C'est bien dans l'inconnu que j'attendais de découvrir ce film de Mathieu Delaporte. Avec tout de même la crainte de voir une piètre copie d'Holy Motors. Les premières secondes tendaient à alimenter cette appréhension. Ballade dans le paysage désertique d'un quartier cosy. La comparaison peut s'arrêter à peu près là, si ce n'est le rôle pluriel de Mathieu Kassovitz.
Denis Lavant répondait à la profondeur et l'éclectisme de tous ses personnages. Ici, le cinéaste le plus pétri de haine est juste dans son interprétation mais peine à effacer ses mimiques. On voit l'acteur se cacher derrière un grimage plus ou moins efficace. Il enfile un piètre déguisement pour commencer, un premier costume qui ne trompe personne. Il est ridicule lorsqu'il essaie de se mettre dans la peau du fleuriste. Aucune ressemblance, une drôle d'allure et une répétition loufoque. Cet entraînement au mimétisme lui donne l'air d'un guignol. C'est bien plus troublant quand il se met dans la peau du violoniste.

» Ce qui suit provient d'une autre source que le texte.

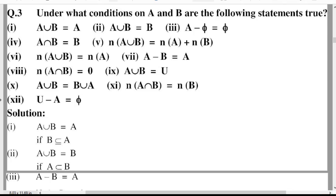So let's start. Under what conditions on A and B are the following set statements true? First: A union B is equal to A. Second: A union B is equal to B. Third: A minus B is equal to B. Fourth: A intersection B is equal to B. Fifth: n(A union B) is equal to n(A) plus n(B).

Pas certain que ce soit pleinement intentionnel, mais le film est drôle par moments. On s'amuse bien de l'absurde du récit. Mathieu Kassovitz est bon dans le saugrenu. Ce Sébastien Nicolas se fait complètement dépasser par sa quête de personnalité et d'importance. Dérouté par la tournure que prennent les événements, il est drôlement paumé. La part de drôlerie du film fonctionne très bien. Un illustre inconnu est peut-être plus drôle que prévu car le fond du propos est ambitieux.

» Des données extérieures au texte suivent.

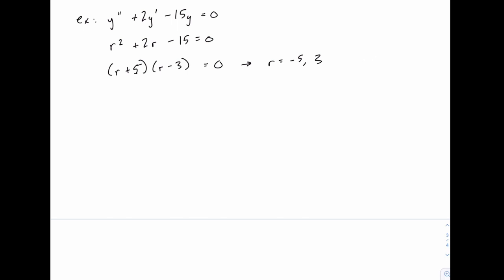which means our two solutions y1 and y2 will each use one of these. And it doesn't matter which one we call y1 and which one we call y2, but there's our two solutions, and our final answer y(t) will be that linear combination of these two.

Le besoin de reconnaissance, de notoriété ou d'aventure humaine; ce sujet est intéressant. L'idée est de montrer le désespoir et la tristesse d'un oublié. La première erreur est peut-être le choix d'en faire un thriller moins psychologique que jouant avec le suspens. Le mélange entre dérision et sérieux ne fonctionne pas franchement. Pas sûr que le ton grave du propos eut été indispensable. En fin de compte le sujet n'est pas vraiment traité en profondeur. On reste en marge de cette histoire atypique. Pas vraiment d'empathie pour le personnage de Sébastien Nicolas. Son soit disant manque de personnalité n'excuse pas une absence de ressenti. Au contraire le personnage est accablé de frustrations. Mais le regard reste trop extérieur. L'intrigue est à la fois pas assez approfondie et trop imagée. Elle part surtout dans des divagations qui coupent de toute réalité et donc d'identification au(x) protagoniste(s). Quand l'histoire se retrouve pendue à un drame, les choix qui sont faits ne sont pas ceux escomptés. Néanmoins la construction du récit est maîtrisée.

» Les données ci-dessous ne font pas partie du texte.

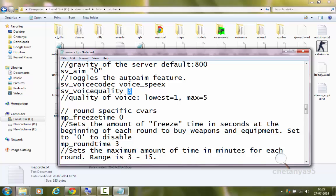These are round-specific Kvars. mp_freezetime sets the amount of freeze time in seconds at the beginning of a round to buy weapons and equipment — set to 0 to disable. If set to 5, players will be frozen for 5 seconds at the beginning of the game to buy equipment — they won't be able to move or shoot. I will set it to 0 so there won't be any freeze time.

Grosse qualité de mise en scène, sur le montage sonore en particuliers. Craquements, bruitages, volume et musique créent une ambiance assez saisissante et fidèle. Un illustre inconnu commence de manière explosive. Ce qui introduit l'histoire de manière assez intelligente. Un jeu temporel qui n'était pas indispensable mais qui relance très bien le film à sa moitié.
Après un triomphe comique avec Le Prénom, Mathieu Delaporte signe une œuvre intéressante mais ambivalente. Entre thriller trop poussé et farce poule mouillée, le film ne trouve pas sa voix. Quoique la part de burlesque est probante. La performance de Mathieu Kassovitz s'inscrit dans cette ambiguïté, il est drôle mais pas touchant.
Marie-Josée Croze est encore remarquable.
Le film aurait put être intimiste ou complètement absurde, mais se perd dans toute sa forme polar bizarroïde.